Eli Roth’s most controversial movie moments

Never one to shy away from controversy, Eli Roth movie Death Wish was accused of being an “alt-right fantasy” and “nakedly fascist” by critics & folks on Twitter. Obviously Roth was delighted with the negative buzz when the trailer dropped in May 2017, and even thanked his critics for helping to market the movie for him.

Starring Bruce Willis (Pulp Fiction), Vincent D’Onofrio (Full Metal Jacket), and Elizabeth Shue (Leaving Las Vegas), we’ll let you decide whether Roth’s remake of the Charles Bronson classic was worthy of the outrage it received. To keep you tide over until then, here are nine of Roth’s most controversial movie moments that prove the auteur loves to shock, horrify, and appall his audiences on a consistent basis.

Portrayal of indigenous tribes in The Green Inferno

Following a crew of college-age environmental activists who are eaten alive by an Amazon tribe, The Green Inferno was criticized by Survival International for reinforcing portrayals of indigenous people as savages. Roth dismissed the argument, claiming that “the idea that a fictional movie about a fictional tribe could somehow hurt indigenous people when gas companies are tearing these villages apart on a daily basis is simply absurd.”

Hostel’s choice of setting

Considering the movie’s subject matter – a pack of Eastern European locals seducing horny American boys so they can sell off their bodies as torture toys – it’s no surprise that Slovak & Czech officials were outraged by Hostel’s portrayal of their country. Depicting Slovakia and the Czech Republic as being poor, undeveloped, and uncultured lands full of ghastly, knife-happy criminals, officials feared Hostel would put off tourists booking future trips.

However, Roth saw things very differently: “Americans do not even know that this country exists. My film is not a geographical work but aims to show Americans’ ignorance of the world around them.”

A close shave in Cabin Fever

Simple but brutal, the Cabin Fever scene in which Karen (Jordan Ladd) begins to strip the flesh from her bones while shaving her legs is by far one of the most barf-worthy and uncomfortable scenes Roth has ever created. Although people didn’t take to the streets in protest, for those of us who feared the humble razor for years to follow, the controversy was indelibly personal.

The mysterious Lana Del Rey assault video

In late 2014, Roth was the subject of outrage after mysterious footage he’d filmed emerged depicting a simulation of musician Lana Del Rey being sexual assaulted by shock-rocker Marilyn Manson. The 27-second simulated scene was accompanied by some extremely tasteful balloons emblazoned with the word “rape”.

Roth waved off the controversy when the scrapped music video was brought up during an interview with Grantland.

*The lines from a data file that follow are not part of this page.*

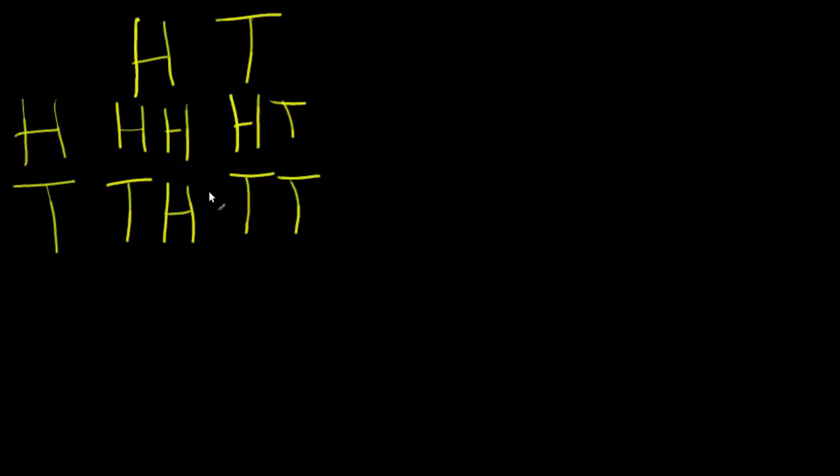So our diagram shows us that there are four outcomes, but heads and tails and tails and heads are essentially the same thing. We've just decided to do them in a particular order.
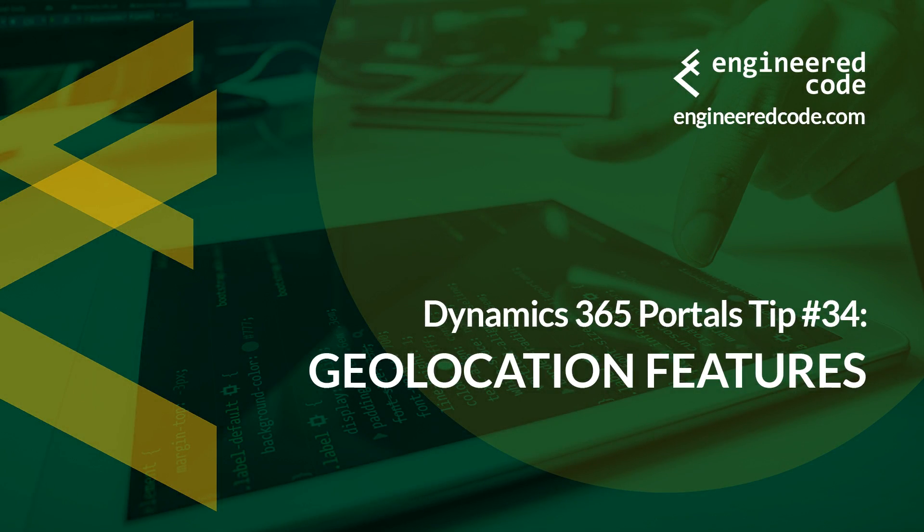Hello everyone and welcome to Dynamics 365 Portals Tips from Engineered Code. My name is Nicholas Hadouk and this is tip number 34, Geolocation Features.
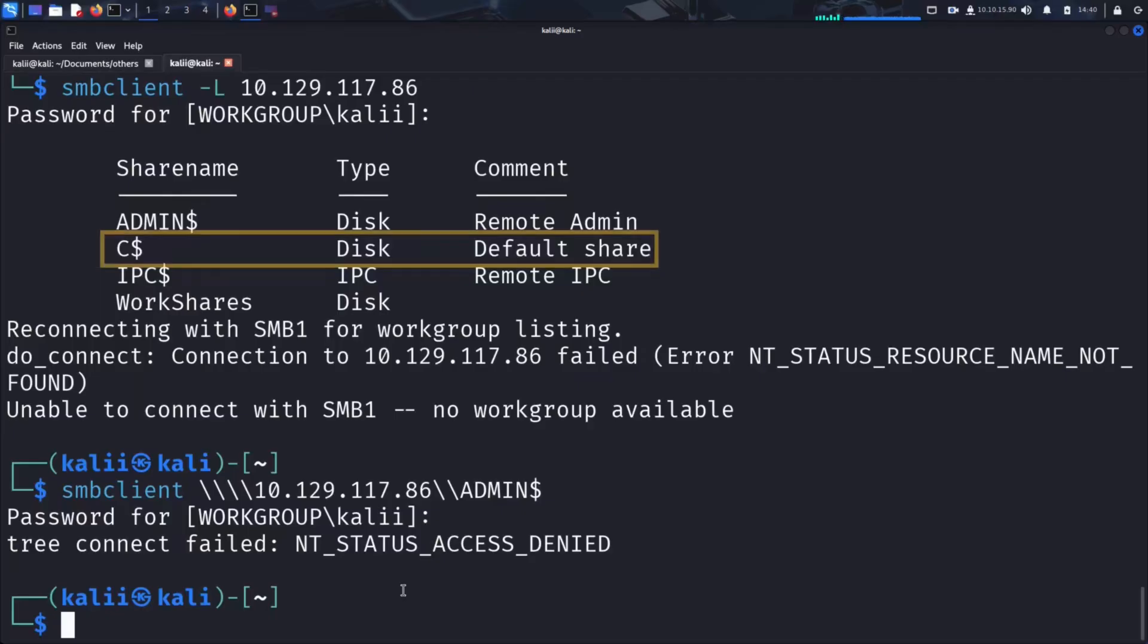The next share is the C$ share. This is another hidden administrative share, which gives access to the root of the C drive. Like ADMIN$, it's typically restricted to administrators only. Let's try to access it.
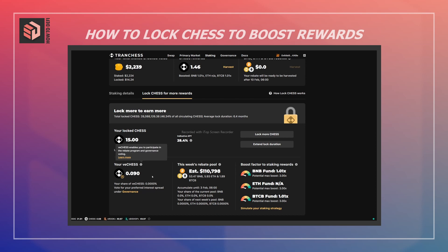I can see how much weight I have for voting and the boosts I have on my currently staked BNB fund and BTCB fund. If I wanted to, I could lock more CHESS or extend the duration of my current lockup. That's all for now — I hope you found this video useful and I'll see you in part three.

The director commented, “That was not something that’s supposed to be out there  — there’s nothing really to say about it.” Meanwhile Manson’s reps claimed it was never actually part of a music video or a specific Manson-related project.

The nauseating sex scene of 2001 Maniacs

Roth’s 2005 remake of Herschell Gordon Lewis’s 1964 splatter-flick Two Thousand Maniacs! is actually one of his least controversial efforts. However, audiences were pushed into a nauseous meltdown thanks to the movie’s most notorious scene. One of the murderers – a woman known as Milk Maiden, played by softcore porn star Christa Campbell – tricks token-nerd Nelson (Dylan Edrington) into thinking she wants to have sex with him.

But as they strip off their clothes and start getting hot & heavy, she forcibly shoves a hose down his throat. You think it’s just a grisly way to feed him moonshine until you realize (sweet mercy) it’s actually burning hot acid. Really gives a whole new meaning to a hot hookup.

Blood bath torture scene in Hostel: Part II

Around the mid-way mark of Hostel: Part II, Lorna (played by cult-icon Heather Matarazzo) is stripped naked, gagged, and then hung upside down from a ceiling while another naked woman slices her open with a scythe and writhes about ecstatically in her blood. Unsurprisingly, the movie was blasted for being misogynistic and for celebrating sexualized violence.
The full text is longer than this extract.